BLITZER: A lot of commotion as a result of the Iraq Study Group’s recommendation, among other things, a recommendation that directly involves Israel.

I’ll read it to you. “There must be a renewed and sustained commitment by the United States to a comprehensive Arab-Israeli peace on all fronts: Lebanon and Syria, and President Bush’s June 2002 commitment to a two-state solution for Israel and Palestine.”

In other words, the study group recommends a much more assertive U.S. involvement. And that, in turn, could help the U.S. in Iraq. Your reaction?

PERES: The problem is not to state commitment. All of us are for it. The problem is, there is a two-party situation among the Palestinians. They are split.

The problem is not so much how to build a Palestinian state on the side of the state of Israel but how to unite the Palestinians.

BLITZER: But the general notion that James Baker and Lee Hamilton and their colleagues have that, in order to ease the crisis, potentially a catastrophe, in Iraq, the United States has to get much more intimately involved on the Israeli-Palestinian front.

PERES: I wish it would help. The problem is that there are two different wars. One political, which Abu Mazen, or Abbas, as they call him, is having…

BLITZER: Mahmoud Abbas, the president of the Palestinian Authority?

PERES: Right. And the other is religious: Hamas. Hamas is not looking for a territorial solution. They want to get rid of Israel. They don’t look for victory. They look for domination of the Iranians, the Hamas and the Hezbollah, over the Middle East, religiously.

So you will talk to them and they won’t answer. Today the prime minister, on behalf of Hamas, said that, even if we should reach an agreement, we will not recognize Israel.

BLITZER: We’re going to get to that shortly.

Another element in the Iraq Study Group’s report that came out this past week included a call for the Bush administration to engage in a direct dialogue with Iran and Syria, without preconditions.

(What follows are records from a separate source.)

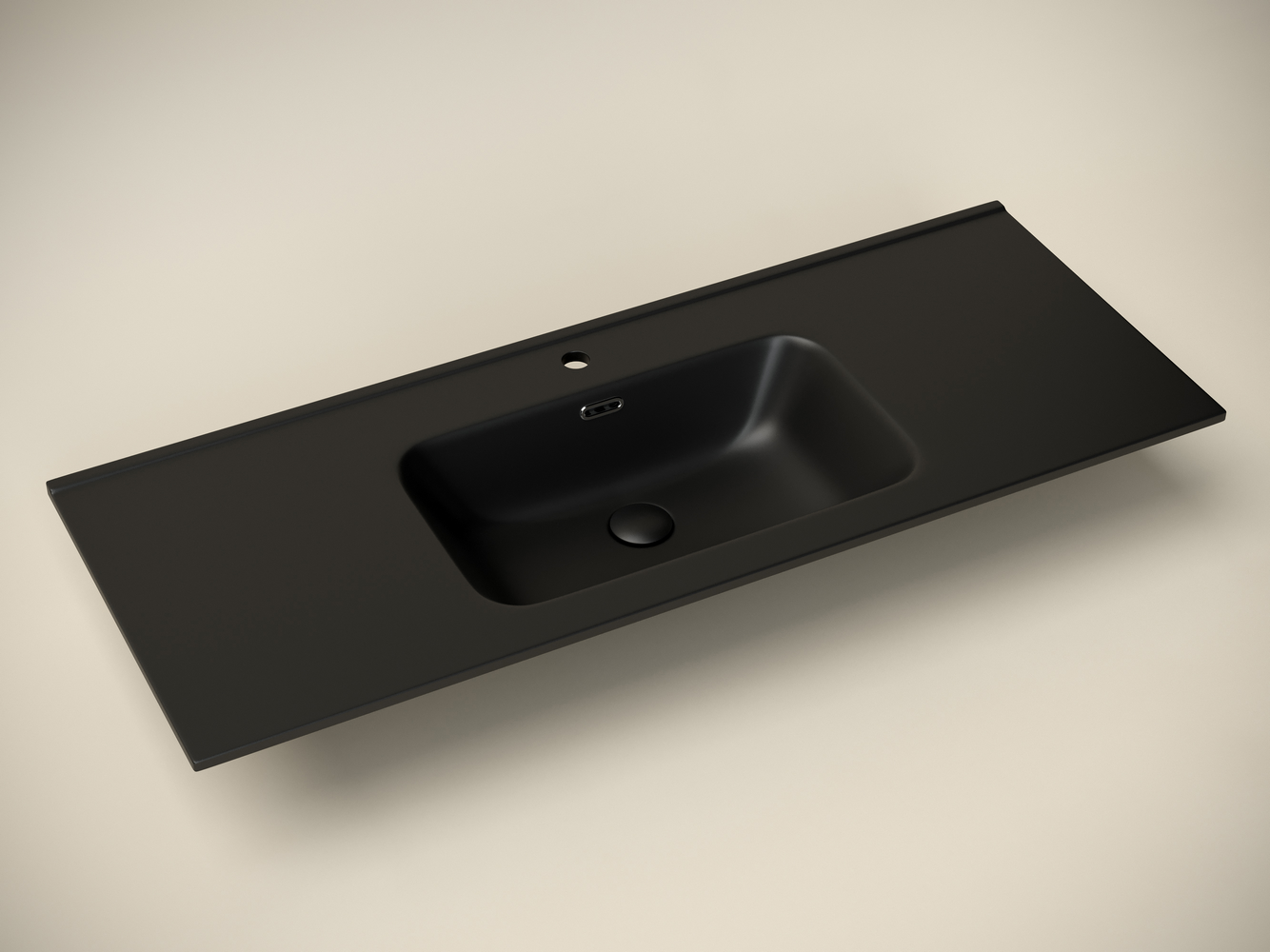 Фото Раковина Ceramicanova Element CN7006MB мебельная 121 × 46,5 × 18 см, черный матовый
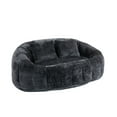 thumbnail image 4 of Villeston High-Back Bean Bag Sofa for Adults and Children, Indoor/Outdoor, Soft Casual,Black, 4 of 6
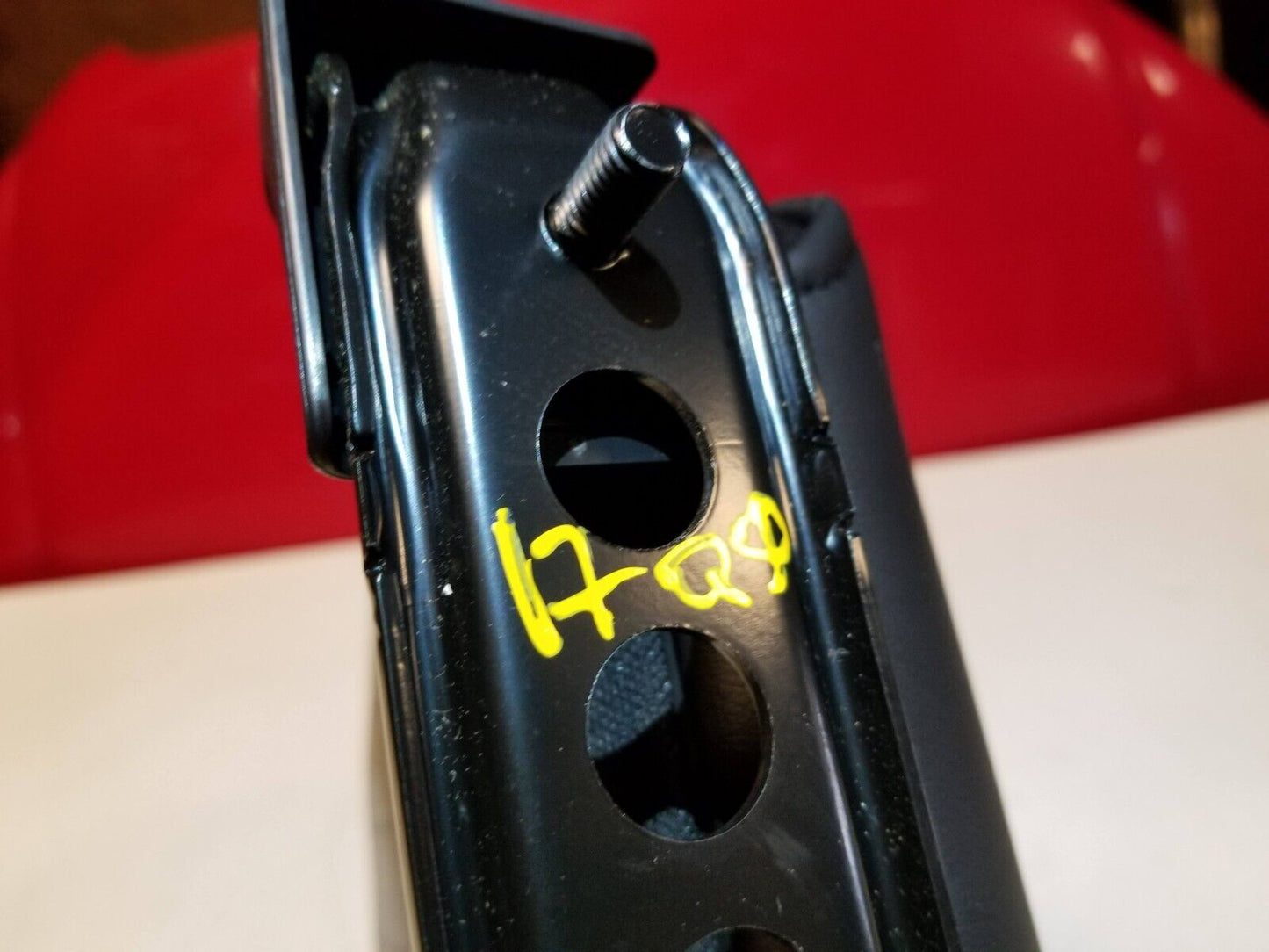 16 17 18 19 Infiniti Q50 Center Armrest W/ Cup Holder Leather Rear Seat OEM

And to entice the Syrians, it said this: “In the context of a full and secure peace agreement, the Israelis should return the Golan Heights, with a U.S. security guarantee for Israel that could include an international force on the border, including U.S. troops, if requested by both parties.”

Is this a good idea?

PERES: This is a second step. The first step to recommend is that Syria will disconnect relations with Hezbollah. I don’t see the first step. So obviously, how can you have the second step?

Basically, we are all for embracing peace. We would like to negotiate some time, somehow. But the Syrians have a double policy. If the Palestinians are split, the Syrians are double…

BLITZER: But hypothetically, if the Syrians were willing to accept these conditions, sever their ties with Hezbollah, other so- called terrorist groups that the U.S. regard as terrorist groups, and negotiate a settlement, a full peace agreement with Israel, would Israel be ready to give up the Golan Heights?

PERES: Israel has shown, in the past, it was ready. Actually, we have had a full agreement with the Syrians. At the last minute, when President Clinton flew to Geneva, to meet Assad the father, and they were sure it was going through, and at the last minute, he said no. All the story with the Syrians is spent (ph) with “no” and “no” and “no.”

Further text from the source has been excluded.